[tor-commits] [metrics-tasks/master] Use advertised bandwidths
karsten at torproject.org
karsten at torproject.org
Tue Jul 24 10:11:20 UTC 2012
commit cabd3c6397f3fdc7a50efb33b847d73d0e54b703
Author: Sathyanarayanan Gunasekaran <gsathya.ceg at gmail.com>
Date: Sun Jul 22 14:49:14 2012 +0530
Use advertised bandwidths
Parse the server descriptors and find the advertised
bandwidths
---
task-6232/pyentropy.py | 86 ++++++++++++++++++++++++++++++++++-------------
1 files changed, 62 insertions(+), 24 deletions(-)
diff --git a/task-6232/pyentropy.py b/task-6232/pyentropy.py
index 4328f98..448cb44 100644
--- a/task-6232/pyentropy.py
+++ b/task-6232/pyentropy.py
@@ -21,17 +21,21 @@ import os
import pygeoip
import StringIO
import stem.descriptor
-from stem.descriptor.server_descriptor import RelayDescriptor, BridgeDescriptor
-from binascii import b2a_hex, a2b_base64, a2b_hex
+
from optparse import OptionParser
+from binascii import b2a_hex, a2b_base64, a2b_hex
+from stem.descriptor.server_descriptor import RelayDescriptor, BridgeDescriptor
-KEYS = ['r','s','v','w','p','m']
+KEYS = ['r', 's', 'v', 'w','p', 'm']
class Router:
def __init__(self):
self.lines = []
self.nick = None
+ self.digest = None
+ self.hex_digest = None
self.bandwidth = None
+ self.advertised_bw = None
self.flags = None
self.probability = None
self.ip = None
@@ -40,31 +44,50 @@ class Router:
self.as_name = None
self.is_exit = None
self.is_guard = None
-
+
def add(self, key, values):
if key == 'r':
self.nick = values[0]
+ self.digest = values[2]
+ self.hex_digest = b2a_hex(a2b_base64(self.digest+"="))
self.ip = values[5]
self.country = gi_db.country_name_by_addr(self.ip)

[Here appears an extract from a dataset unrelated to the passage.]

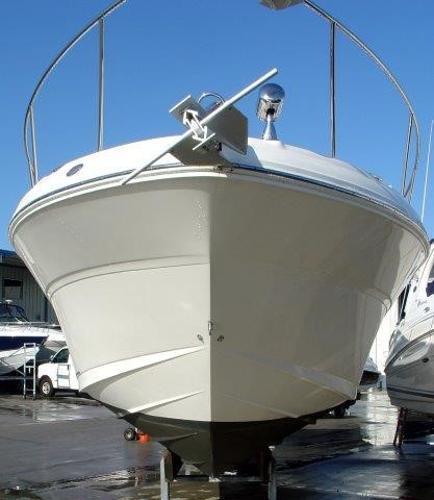 2007 Sea Ray 340 Sundancer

self.as_no, self.as_name = self.get_as_details()
if key == 'w':
- self.bandwidth = int(values[0].split('=')[1])
+ self.advertised_bw = self.get_advertised_bw()
+ if self.advertised_bw:
+ self.bandwidth = self.advertised_bw
+ else:
+ self.bandwidth = int(values[0].split('=')[1])
if key == 's':
self.flags = values
if "Exit" in self.flags:
self.is_exit = True
if "Guard" in self.flags:
self.is_guard = True
-
+
def get_as_details(self):
try:
value = as_db.org_by_addr(str(self.ip)).split()
return value[0], value[1]
except:
return None, None
-
+
+ def get_advertised_bw(self):
+ try:
+ with open(options.server_desc+self.hex_digest) as f:
+ data = f.read()
+
+ desc_iter = stem.descriptor.server_descriptor.parse_file(StringIO.StringIO(data))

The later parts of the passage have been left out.